The offense would apply to abuse committed against any spouse, partner or former partner, regardless of gender.
As Pamela Stubbart notes at the Daily Caller, when based on purely psychological and emotional interactions and states of dependence, concepts like “control” and “coercion” are at best highly subjective affairs, inviting unpredictable legal application as well as he-said-she-said legal battles in the wake of breakups or other relationship failures. The measure would also threaten criminal liability for some speech (e.g., emotionally hurtful insults not involving threats of violence) that would often be included in definitions of free speech. Meanwhile, a ban on exploiting partners’ resources or denying partners financial independence threatens to throw a shadow of criminal liability over many marital and romantic arrangements long deemed unproblematic, whether or not egalitarian.

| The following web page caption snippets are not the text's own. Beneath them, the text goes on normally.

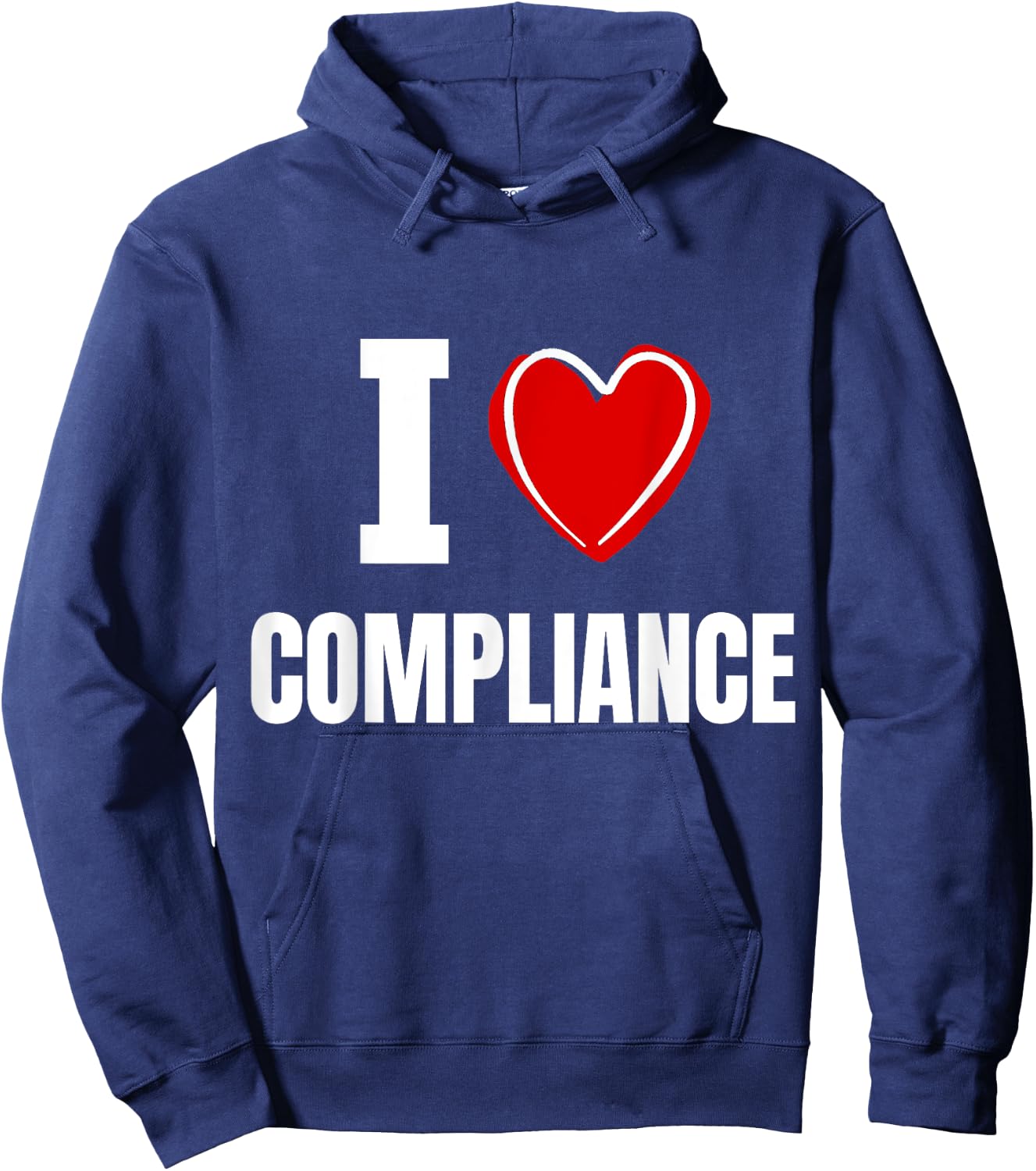 I love Compliance Hoodie - Hoodie | Navy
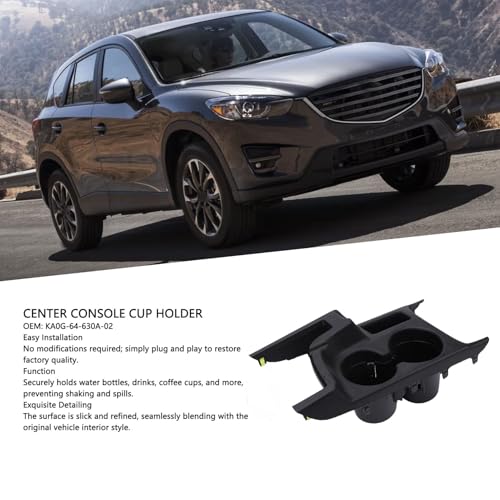Portavasos consola central para CX-5 2016 ABS plástico miniatura 6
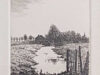 Meij, Wim van der. Landschap met beek.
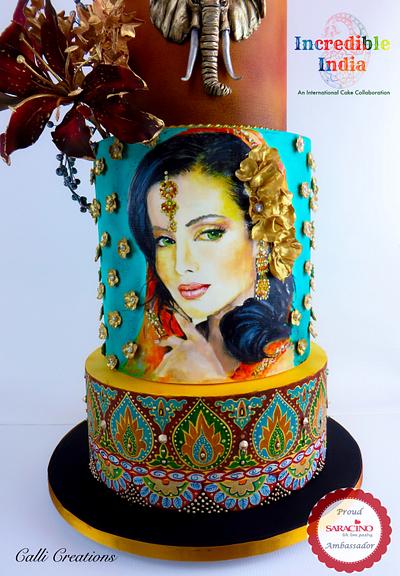 Incredible India Collaboration - Wedding Cake - Cake by Calli Creations
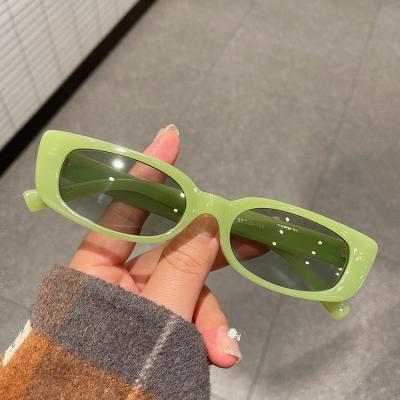 China Square Classic Jelly Color Rectangle Sunglasses Women Brand Design Vintage Sun Glasses Retro Shape Ladies Eyewear Shades UV400 for sale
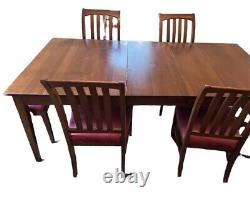 Ethan Allen American Impressions Mission Dining Table 4 Chairs 2 Arm Chairs
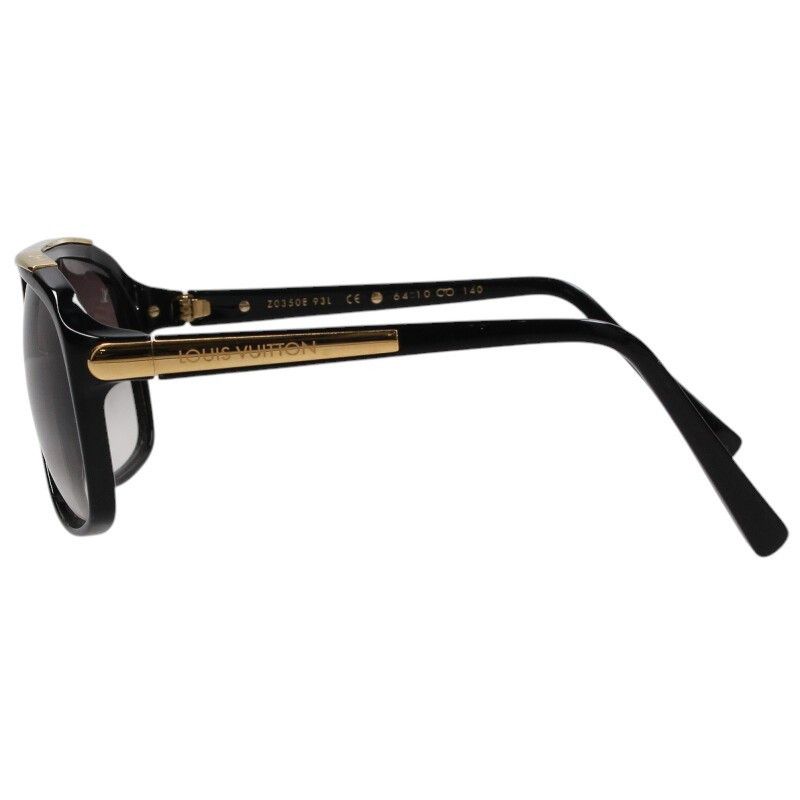 Louis Vuitton Louis Vuitton Sunglass Black x Gold Size 64 Size ONE SIZE - 2 Thumbnail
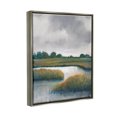 thumbnail image 3 of Stupell Industries Rural Marshland River Grass Painting Luster Gray Floating Framed Canvas Print Wall Art, Design by Tim OToole, 3 of 8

Barrett in the Telegraph notes that while the cross-party group of Members of Parliament who are introducing the bill do not speak for the Cameron administration, they have a record of some success at getting their ideas on domestic violence enacted into legislation. Offenses will carry a sentence of up to 14 years in prison.
Related: periodic proposals in state legislatures and elsewhere to ban “workplace bullying” (more) raise some of the same issues, as do enactments (like “Grace’s Law” in Maryland) endeavoring to ban “cyber-bullying.”